Deuxième impératif et non des moindres: disposer d’un site (salle de spectacles ou stade) qui ne soit pas en plein air, avec air conditionné, une jauge de 8 à 10.000 spectateurs minimum (qui représente 70% de la capacité du lieu afin de permettre l’installation du matériel technique et scénique de l’Eurovision), la complémentarité avec un centre de presse de 4.000m2 pouvant accueillir 1.500 journalistes et un espace de restauration et de coulisses de 6.000m 2. La salle de spectacle doit par ailleurs être disponible de manière exclusive plusieurs semaines entre la préparation du show et le démontage des structures.

Autant de points pour lesquels la Rockhal ne fait indiscutablement pas le poids, ne serait-ce que pour sa jauge maximale de 6.500 personnes debout ou l’agenda de ses concerts. Luxexpo alors, ? Le site du Kirchberg, multifonctionnel, serait vraisemblablement le meilleur atout du pays, puisque, assure-t-on en questionnant sa communication, il a déjà accueilli 12.000 personnes simultanément. Mais il pêche, entre autres défauts, par sa hauteur sous plafond insuffisante (15 mètres requis par l’UER). Face aux arènes modernes utilisées ces dernières années, Luxexpo pourrait paraître sous-dimensionné pour les standards de l’Eurovision. Le constat vaut autant pour la Coque, le complexe omnisports du Kirchberg, qui peut accueillir quelques milliers de spectateurs dans sa configuration spectacles.

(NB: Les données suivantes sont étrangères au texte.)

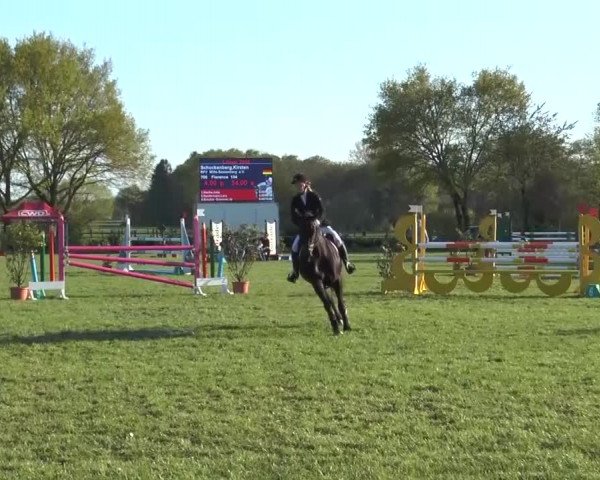 Reitturnier Lienen 2016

Dernier point crucial, l’hébergement. Entre délégations, effectifs mobilisés pour la bonne tenue de l’Eurovision et spectateurs, ce sont 2.000 chambres d’hôtel à proximité du site qui sont demandées. La Ville de Luxembourg en comptait 3.583 en 2022 selon le Statec. Les capacités hôtelières du pays seraient donc mises à rude épreuve, mais pourraient tenir le choc, à condition de ne pas faire cohabiter le concours avec d’autres événements susceptibles d’attirer des touristes au Grand-Duché.

Quel coût pour l’organisateur?

Outre le challenge difficilement surmontable des infrastructures se pose la question du financement d’un tel événement. En 1973, suite à la victoire de la chanteuse française Anne-Marie David au Grand-Duché sous les couleurs du Luxembourg, RTL avait décliné une deuxième organisation en deux ans, en 1974, pour des raisons financières. La BBC avait alors sauté sur l’occasion.

Cinquante ans après, c’est pour d’autres évidentes raisons que l’Ukraine en guerre, lauréate de l’édition 2022, n’a pu accueillir l’Eurovision ce week-end. Auparavant, la tradition du pays vainqueur-pays organisateur a, à plusieurs reprises (1960, 1963, 1972 et 1980), été remise en question pour des contraintes économiques.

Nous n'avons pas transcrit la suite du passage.